**Study material**
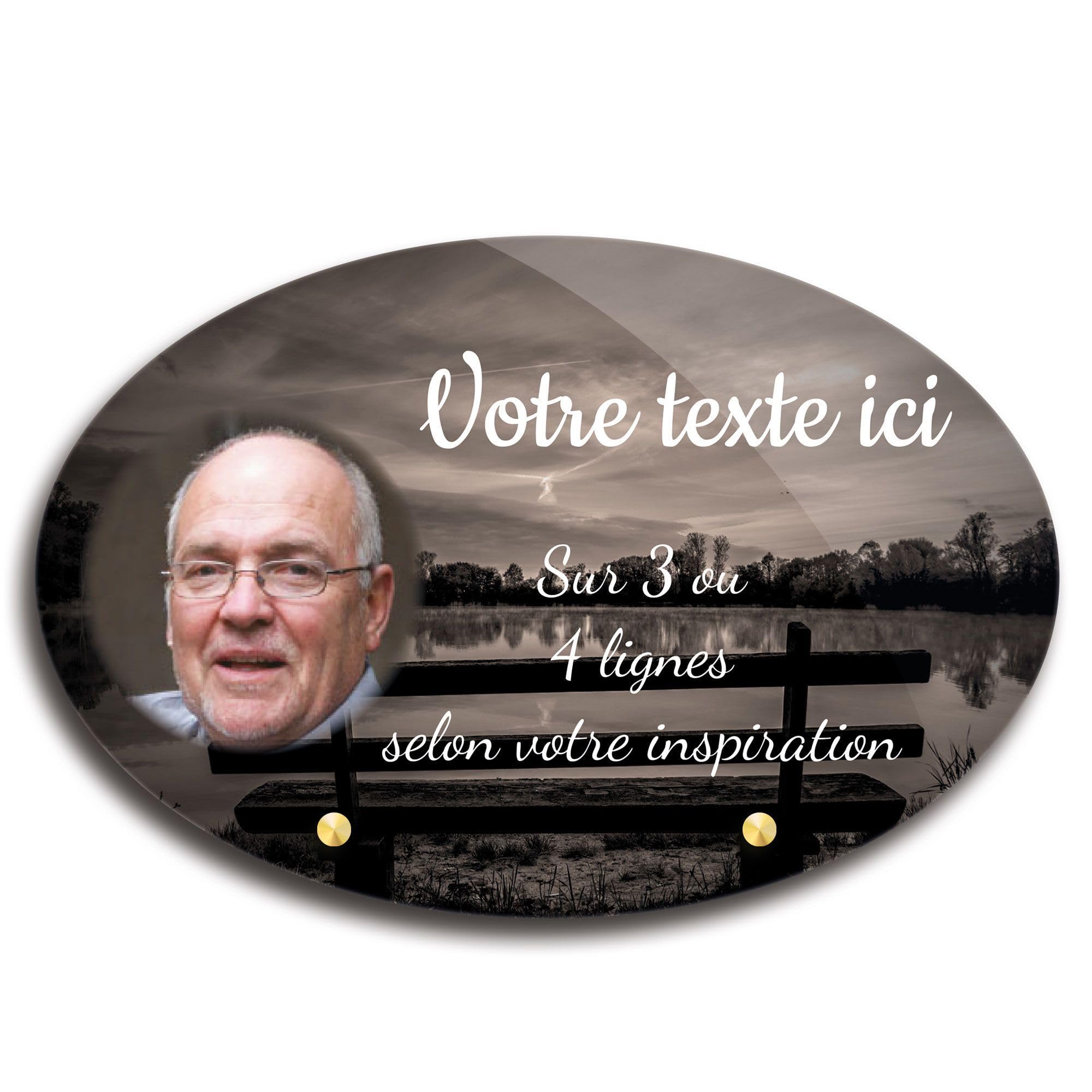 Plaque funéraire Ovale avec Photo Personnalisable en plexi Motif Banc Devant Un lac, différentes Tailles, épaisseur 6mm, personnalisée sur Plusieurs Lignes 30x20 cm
--
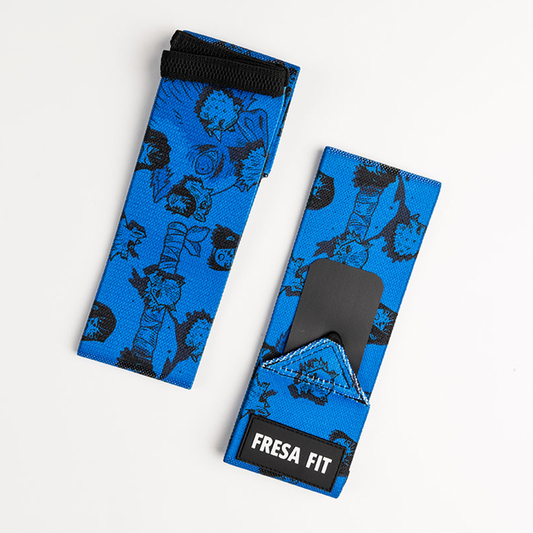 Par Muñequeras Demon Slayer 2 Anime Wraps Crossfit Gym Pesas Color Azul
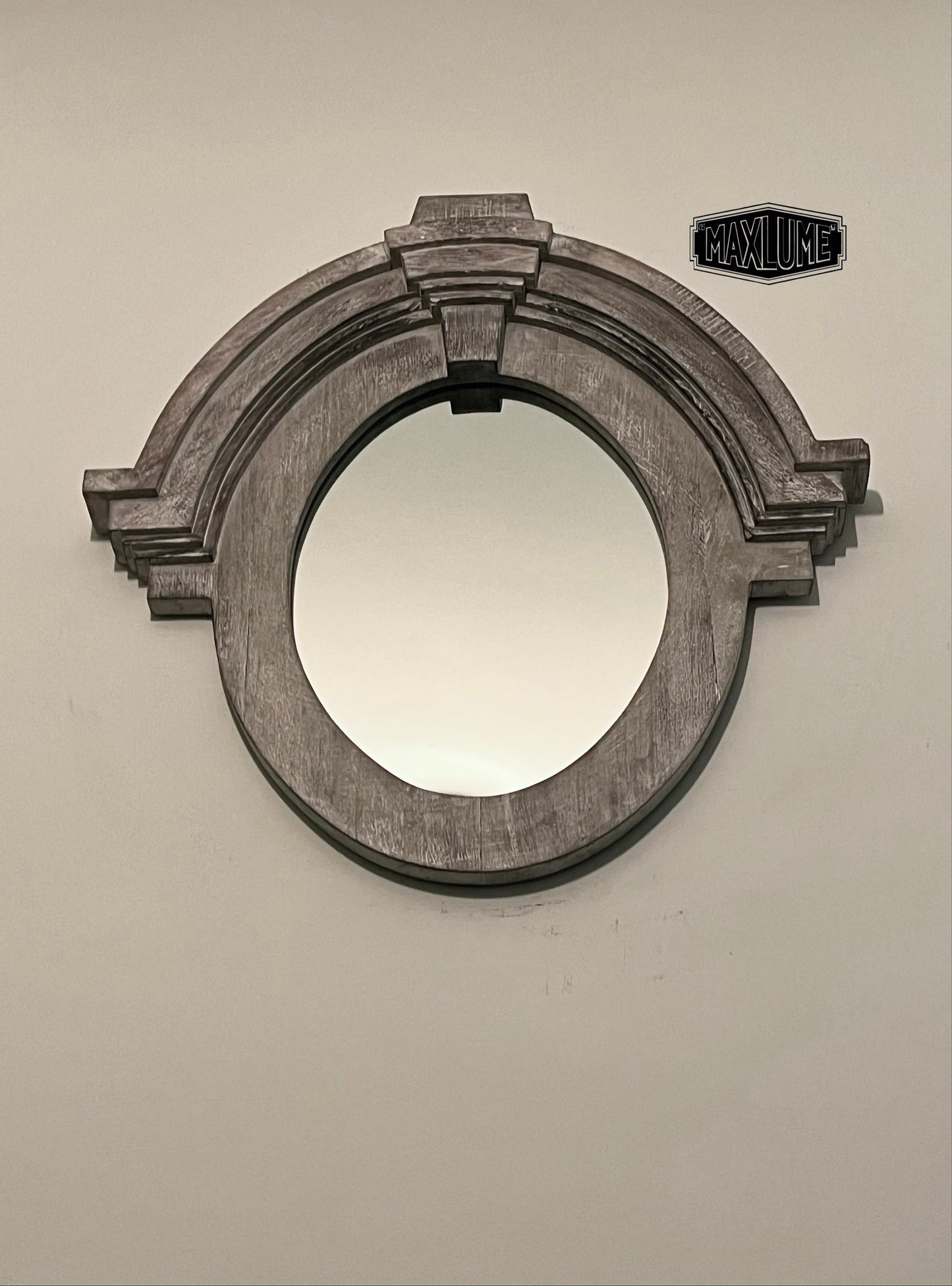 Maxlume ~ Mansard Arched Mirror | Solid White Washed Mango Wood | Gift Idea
* * *
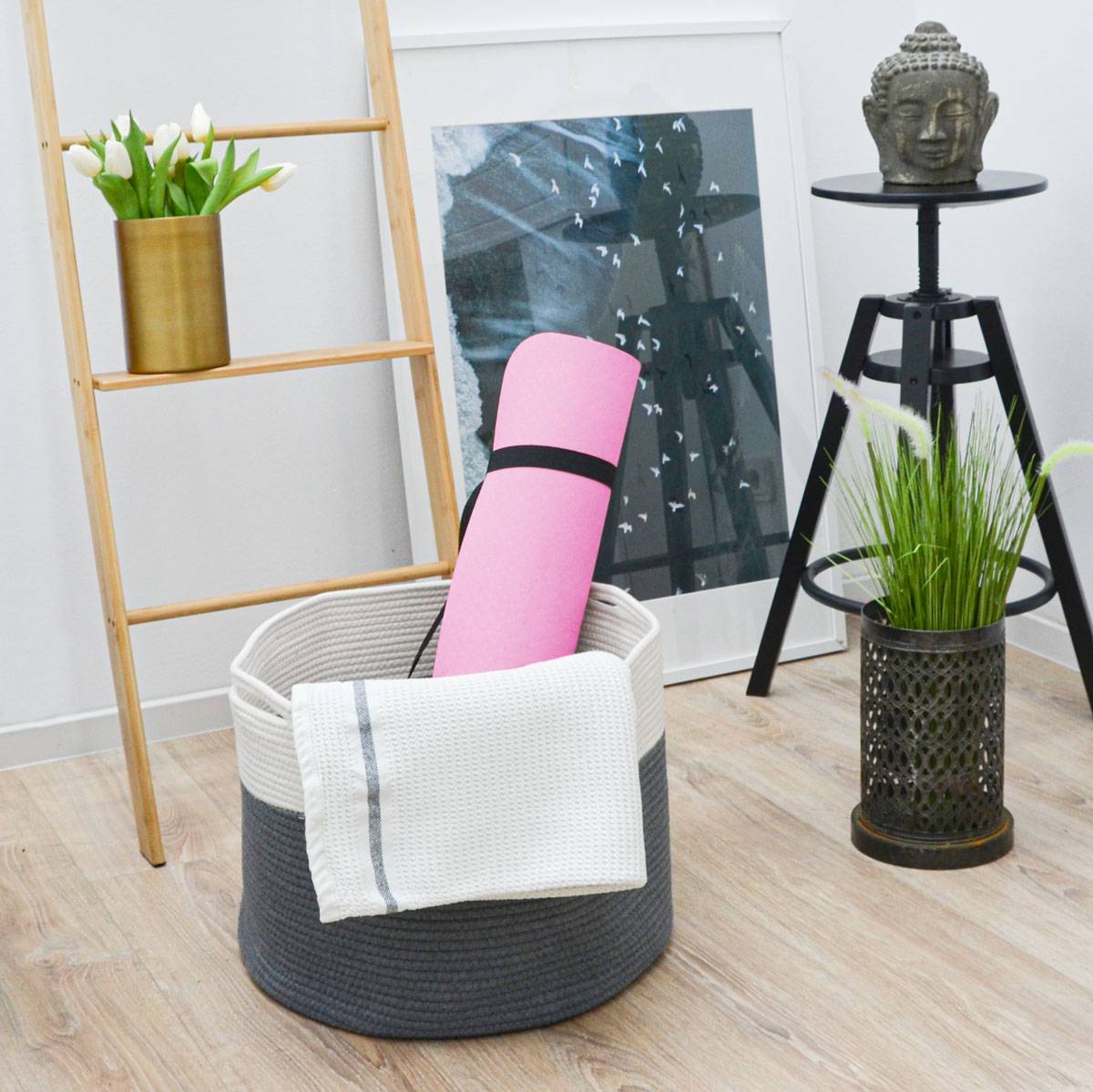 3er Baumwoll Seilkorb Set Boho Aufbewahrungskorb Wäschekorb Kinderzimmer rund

**Required work**
All that should appear in the answer is the lines above from the line with "Par Muñequeras Demon" through the line with "Maxlume ~ Mansard", retyped exactly, pictures left out.

**Solution**
 Par Muñequeras Demon Slayer 2 Anime Wraps Crossfit Gym Pesas Color Azul
 Maxlume ~ Mansard Arched Mirror | Solid White Washed Mango Wood | Gift Idea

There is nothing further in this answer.